Material provided —
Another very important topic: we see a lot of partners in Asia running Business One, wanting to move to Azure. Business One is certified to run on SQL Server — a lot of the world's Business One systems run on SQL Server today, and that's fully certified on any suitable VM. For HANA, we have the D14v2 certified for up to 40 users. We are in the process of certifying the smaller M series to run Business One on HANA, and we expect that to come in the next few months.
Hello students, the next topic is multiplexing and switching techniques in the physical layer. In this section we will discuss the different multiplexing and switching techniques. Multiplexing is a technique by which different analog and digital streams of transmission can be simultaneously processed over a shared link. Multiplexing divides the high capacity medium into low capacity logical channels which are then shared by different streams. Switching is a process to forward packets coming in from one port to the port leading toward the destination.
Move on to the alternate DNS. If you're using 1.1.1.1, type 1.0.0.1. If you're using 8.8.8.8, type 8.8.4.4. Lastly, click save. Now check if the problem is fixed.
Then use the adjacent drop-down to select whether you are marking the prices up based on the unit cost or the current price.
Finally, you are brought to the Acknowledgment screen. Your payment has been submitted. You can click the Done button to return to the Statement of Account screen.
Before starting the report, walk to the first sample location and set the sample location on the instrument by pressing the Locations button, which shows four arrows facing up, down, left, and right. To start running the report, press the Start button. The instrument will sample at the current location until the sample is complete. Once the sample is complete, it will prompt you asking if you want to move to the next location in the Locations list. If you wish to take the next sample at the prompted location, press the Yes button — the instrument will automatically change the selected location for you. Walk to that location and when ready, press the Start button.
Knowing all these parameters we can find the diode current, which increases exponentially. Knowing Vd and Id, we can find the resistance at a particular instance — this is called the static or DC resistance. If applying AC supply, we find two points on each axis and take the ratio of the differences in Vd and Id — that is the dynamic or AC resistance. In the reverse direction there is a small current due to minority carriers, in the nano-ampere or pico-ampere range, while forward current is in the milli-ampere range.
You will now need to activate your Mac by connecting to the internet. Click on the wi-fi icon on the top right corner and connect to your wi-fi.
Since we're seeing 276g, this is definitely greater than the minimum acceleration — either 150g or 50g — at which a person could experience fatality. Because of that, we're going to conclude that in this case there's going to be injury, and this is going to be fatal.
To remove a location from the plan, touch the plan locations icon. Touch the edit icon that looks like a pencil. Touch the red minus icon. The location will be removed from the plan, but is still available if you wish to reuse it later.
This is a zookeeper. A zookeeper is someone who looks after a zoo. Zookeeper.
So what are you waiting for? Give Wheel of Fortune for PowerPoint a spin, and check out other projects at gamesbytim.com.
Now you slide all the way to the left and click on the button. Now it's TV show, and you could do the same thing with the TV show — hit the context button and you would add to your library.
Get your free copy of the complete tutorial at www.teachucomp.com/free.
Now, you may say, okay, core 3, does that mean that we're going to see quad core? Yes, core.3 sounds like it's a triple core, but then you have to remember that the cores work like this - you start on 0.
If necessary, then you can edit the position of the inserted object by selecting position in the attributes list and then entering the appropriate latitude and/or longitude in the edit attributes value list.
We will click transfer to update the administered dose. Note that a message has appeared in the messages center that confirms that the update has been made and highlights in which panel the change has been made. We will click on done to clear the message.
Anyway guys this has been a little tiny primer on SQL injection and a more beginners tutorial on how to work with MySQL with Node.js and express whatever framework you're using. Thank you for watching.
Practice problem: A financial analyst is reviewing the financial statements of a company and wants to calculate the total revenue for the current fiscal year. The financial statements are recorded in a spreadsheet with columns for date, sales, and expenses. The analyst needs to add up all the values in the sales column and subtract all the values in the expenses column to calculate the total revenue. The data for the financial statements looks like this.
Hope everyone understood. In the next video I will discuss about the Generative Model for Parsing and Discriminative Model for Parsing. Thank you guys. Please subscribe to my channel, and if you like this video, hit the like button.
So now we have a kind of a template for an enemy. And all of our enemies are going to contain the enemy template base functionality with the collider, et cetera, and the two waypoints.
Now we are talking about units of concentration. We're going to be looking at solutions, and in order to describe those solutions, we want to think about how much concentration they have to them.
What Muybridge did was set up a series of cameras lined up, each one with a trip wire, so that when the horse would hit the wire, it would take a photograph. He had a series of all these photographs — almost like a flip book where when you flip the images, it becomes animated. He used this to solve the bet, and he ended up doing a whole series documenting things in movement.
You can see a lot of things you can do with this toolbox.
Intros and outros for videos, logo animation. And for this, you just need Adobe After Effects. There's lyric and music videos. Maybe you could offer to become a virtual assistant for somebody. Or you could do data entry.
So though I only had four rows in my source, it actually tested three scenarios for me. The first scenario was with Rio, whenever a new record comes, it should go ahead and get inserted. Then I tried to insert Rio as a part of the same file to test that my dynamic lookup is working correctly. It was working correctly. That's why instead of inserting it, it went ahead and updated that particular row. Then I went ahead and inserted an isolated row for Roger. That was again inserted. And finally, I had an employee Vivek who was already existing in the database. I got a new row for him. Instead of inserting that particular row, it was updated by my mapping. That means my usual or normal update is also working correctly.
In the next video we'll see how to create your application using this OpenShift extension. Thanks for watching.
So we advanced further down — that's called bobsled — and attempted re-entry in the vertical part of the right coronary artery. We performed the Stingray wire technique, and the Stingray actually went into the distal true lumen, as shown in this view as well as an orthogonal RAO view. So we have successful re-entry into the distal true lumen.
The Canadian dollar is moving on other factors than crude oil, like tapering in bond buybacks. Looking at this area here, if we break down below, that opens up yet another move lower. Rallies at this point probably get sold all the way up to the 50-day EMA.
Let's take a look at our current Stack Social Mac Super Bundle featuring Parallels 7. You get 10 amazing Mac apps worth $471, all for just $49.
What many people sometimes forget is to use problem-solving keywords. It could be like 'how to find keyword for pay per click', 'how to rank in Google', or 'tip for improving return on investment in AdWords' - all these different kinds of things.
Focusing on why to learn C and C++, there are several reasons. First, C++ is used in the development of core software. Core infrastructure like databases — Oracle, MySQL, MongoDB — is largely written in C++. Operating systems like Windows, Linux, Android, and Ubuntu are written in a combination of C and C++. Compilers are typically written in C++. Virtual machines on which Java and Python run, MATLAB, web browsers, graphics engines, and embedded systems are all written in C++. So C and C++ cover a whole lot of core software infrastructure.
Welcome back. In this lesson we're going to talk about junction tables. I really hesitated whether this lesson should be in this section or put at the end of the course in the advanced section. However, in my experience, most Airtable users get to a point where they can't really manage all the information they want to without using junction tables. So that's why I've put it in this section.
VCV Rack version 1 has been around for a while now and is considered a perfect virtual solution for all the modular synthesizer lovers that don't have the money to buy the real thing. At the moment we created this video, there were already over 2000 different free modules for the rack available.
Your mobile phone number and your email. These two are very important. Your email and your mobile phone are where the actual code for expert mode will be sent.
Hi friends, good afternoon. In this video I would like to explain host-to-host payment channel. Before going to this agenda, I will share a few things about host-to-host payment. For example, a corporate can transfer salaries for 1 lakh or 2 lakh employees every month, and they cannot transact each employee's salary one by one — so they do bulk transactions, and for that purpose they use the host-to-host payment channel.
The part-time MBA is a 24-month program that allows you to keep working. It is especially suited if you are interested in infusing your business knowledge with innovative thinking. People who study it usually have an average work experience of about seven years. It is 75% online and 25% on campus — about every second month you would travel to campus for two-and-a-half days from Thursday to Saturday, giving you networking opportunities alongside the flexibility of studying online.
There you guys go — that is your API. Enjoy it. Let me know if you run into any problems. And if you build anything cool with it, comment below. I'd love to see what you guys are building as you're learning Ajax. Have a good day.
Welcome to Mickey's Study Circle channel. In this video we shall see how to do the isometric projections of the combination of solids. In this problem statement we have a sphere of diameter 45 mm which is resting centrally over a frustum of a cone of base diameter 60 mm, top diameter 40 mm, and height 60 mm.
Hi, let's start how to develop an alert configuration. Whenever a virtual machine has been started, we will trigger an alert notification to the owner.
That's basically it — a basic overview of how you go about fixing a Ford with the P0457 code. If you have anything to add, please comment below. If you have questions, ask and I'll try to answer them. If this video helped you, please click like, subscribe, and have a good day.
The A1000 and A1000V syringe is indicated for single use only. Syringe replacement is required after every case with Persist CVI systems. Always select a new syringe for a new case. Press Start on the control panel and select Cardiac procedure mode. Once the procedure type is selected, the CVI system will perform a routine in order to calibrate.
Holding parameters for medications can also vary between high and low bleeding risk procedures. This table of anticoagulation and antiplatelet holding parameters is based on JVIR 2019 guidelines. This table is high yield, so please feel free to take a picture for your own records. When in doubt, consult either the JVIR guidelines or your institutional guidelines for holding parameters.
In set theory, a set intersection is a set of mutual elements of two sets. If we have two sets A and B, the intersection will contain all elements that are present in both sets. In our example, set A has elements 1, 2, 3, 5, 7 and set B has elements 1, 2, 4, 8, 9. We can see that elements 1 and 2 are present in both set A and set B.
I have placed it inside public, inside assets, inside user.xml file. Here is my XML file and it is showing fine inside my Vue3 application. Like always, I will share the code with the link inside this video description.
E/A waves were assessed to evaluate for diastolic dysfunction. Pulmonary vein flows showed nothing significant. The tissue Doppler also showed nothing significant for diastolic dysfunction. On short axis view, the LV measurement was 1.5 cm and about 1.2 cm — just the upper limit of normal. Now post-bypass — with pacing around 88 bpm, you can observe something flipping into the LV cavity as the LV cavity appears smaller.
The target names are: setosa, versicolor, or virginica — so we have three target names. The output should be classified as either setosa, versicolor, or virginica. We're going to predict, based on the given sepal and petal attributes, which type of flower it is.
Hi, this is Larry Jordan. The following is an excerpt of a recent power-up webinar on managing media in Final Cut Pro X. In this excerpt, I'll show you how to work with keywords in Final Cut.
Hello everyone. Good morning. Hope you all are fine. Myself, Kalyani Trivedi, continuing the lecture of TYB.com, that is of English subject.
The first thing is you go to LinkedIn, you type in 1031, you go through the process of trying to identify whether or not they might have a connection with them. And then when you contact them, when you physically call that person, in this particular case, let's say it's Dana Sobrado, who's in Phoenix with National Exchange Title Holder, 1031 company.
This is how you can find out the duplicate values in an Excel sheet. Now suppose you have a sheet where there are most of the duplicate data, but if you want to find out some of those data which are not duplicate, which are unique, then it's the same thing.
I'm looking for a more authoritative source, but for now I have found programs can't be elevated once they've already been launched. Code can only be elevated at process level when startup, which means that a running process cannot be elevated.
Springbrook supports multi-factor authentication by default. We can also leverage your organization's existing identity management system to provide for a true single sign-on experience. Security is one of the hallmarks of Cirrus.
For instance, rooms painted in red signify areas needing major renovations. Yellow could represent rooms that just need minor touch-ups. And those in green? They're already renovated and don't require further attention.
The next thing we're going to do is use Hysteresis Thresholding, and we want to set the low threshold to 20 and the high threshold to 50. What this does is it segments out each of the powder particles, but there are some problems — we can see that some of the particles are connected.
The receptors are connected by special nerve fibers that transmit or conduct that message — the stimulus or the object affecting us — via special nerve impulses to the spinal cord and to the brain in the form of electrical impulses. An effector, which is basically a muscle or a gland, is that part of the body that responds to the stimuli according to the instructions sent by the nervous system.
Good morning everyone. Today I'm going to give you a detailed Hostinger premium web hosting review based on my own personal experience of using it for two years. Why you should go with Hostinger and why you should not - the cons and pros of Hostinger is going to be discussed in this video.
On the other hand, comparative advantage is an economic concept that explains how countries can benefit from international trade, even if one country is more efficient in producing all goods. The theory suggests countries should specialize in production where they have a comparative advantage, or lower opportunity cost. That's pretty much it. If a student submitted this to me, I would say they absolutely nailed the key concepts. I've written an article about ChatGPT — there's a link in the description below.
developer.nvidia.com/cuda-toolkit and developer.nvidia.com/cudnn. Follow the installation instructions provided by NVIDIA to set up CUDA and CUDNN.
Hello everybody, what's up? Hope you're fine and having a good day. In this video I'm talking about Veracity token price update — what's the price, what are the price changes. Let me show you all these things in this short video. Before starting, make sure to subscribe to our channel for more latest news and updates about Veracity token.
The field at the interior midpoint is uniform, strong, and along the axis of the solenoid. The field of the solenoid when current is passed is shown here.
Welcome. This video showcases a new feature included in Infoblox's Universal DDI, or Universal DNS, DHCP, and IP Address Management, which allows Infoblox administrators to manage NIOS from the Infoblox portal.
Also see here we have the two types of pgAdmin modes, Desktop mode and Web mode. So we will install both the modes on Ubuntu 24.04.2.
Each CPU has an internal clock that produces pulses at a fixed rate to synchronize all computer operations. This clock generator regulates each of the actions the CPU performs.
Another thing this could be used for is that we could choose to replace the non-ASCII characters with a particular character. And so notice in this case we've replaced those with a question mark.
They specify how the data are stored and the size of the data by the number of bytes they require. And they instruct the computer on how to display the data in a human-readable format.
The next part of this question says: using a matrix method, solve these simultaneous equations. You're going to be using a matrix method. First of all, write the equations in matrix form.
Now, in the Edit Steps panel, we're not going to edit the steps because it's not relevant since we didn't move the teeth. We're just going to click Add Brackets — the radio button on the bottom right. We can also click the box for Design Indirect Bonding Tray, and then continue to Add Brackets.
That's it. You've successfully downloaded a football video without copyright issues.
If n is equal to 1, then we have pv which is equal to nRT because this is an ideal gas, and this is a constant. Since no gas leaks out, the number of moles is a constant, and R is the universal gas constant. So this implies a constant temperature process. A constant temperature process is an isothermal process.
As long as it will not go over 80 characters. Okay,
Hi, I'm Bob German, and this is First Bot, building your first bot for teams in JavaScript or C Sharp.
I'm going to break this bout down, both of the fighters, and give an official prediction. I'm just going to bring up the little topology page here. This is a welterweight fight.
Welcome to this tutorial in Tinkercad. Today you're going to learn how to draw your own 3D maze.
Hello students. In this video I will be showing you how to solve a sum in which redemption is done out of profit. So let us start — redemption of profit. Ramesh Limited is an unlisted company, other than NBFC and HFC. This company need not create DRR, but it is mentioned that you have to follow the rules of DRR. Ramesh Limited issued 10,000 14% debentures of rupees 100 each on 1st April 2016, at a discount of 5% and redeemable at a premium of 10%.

Task goal — Which of the lines above include the word "break"? List those lines.

Task output —
The Canadian dollar is moving on other factors than crude oil, like tapering in bond buybacks. Looking at this area here, if we break down below, that opens up yet another move lower. Rallies at this point probably get sold all the way up to the 50-day EMA.
I'm going to break this bout down, both of the fighters, and give an official prediction. I'm just going to bring up the little topology page here. This is a welterweight fight.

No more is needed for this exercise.